Iran was abundantly clear some weeks ago about where to look for blame as low-ranking Iranian officials quickly condemned the clashes as “regional interference” and “regional powers’ proxy wars.”

Iranian lawmaker Rohulla Hazratposh from West Azerbaijan province where the clashes had taken place explicitly told the Majlis (parliament) that Saudi Arabia was behind the “chaotic action” in order to weaken Tehran’s position in neighboring Iraq.

“We have detailed information about Saudi officials visiting the Kurdistan region with the purpose of destabilizing the northwest of Iran,” Hazratposh told the Majlis days after the clashes.

Six Kurdish peshmarga and four Pasdaran troops were killed in the fight that took place in a village near the Kurdish town of Shno on June 16. At least two other deadly standoffs between the two groups have killed dozens more on both sides since April this year.

Iran is actively interfering in domestic affairs in the region.
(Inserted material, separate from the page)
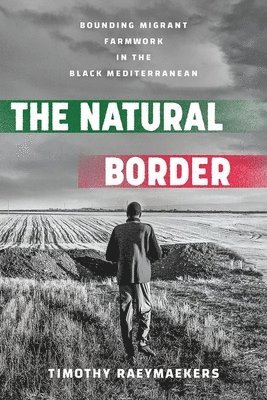 bokomslag Natural Border
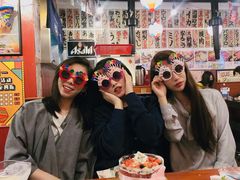 -大阪烧肉BAKA一代(十亩地店)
Tehran has created its own paramilitary groups in Syria, Yemen and Lebanon, through which it influences the politics in these countries,” said Ishiq, who believes the recent armed conflicts were reactions to Tehran’s interventionist policies.

“The clash was a response to the reinforced position of Iran in the Kurdistan region and Syria,” he says.

The KDPI has firmly denied any outside influence over its recent decision to mobilize its forces deeper inside Iran and maintained it seeks a peaceful solution to the Kurdish question.

“We redesign our plans according to our internal needs and any regrouping of our troops is based on our own decisions and not because of any outside influence,” said Rostam Jihangir, a senior member of the KDPI.

Iran has in the past sought to enter the Kurdistan Region’s rewarding energy and construction sector from which it has conspicuously been absent largely due to the KRG’s long-term bonds with Iran’s rival, Turkey.

Tehran has also offered to connect the Kurdistan Region’s oil pipeline to the Iranian network, which could carry Kurdish oil to ports in the Persian Gulf for further export into world markets.

Political pundits close to the ruling Kurdistan Democratic Party (KDP), however, have lately blamed Iran for the deadlock in the regional parliament accusing Tehran of violating its non-interference pact with Erbil.

“Turkey’s relations with Iran have worsened,” said Muhammad Yanmish a professor of political science in Dijle University in Turkey.

“It is possible that due to Iran’s continued support for the PKK [Kurdistan Workers Party] and Ankara’s failure in Syria, Turkey would seek to destabilize Iran through the Kurdish groups,” Yanmish said.

Turkey is historically less interested in regional unrest, which could easily destabilize its own fragile political bedrock, particularly when Kurdish groups are empowered as a result.

“If the clashes in Iranian Kurdistan continue, we should see a shift in the role and position played by Tehran in this region,” said Ishiq.

“But in any case, it is too soon to see its impact on the Turkish-Iranian relations.”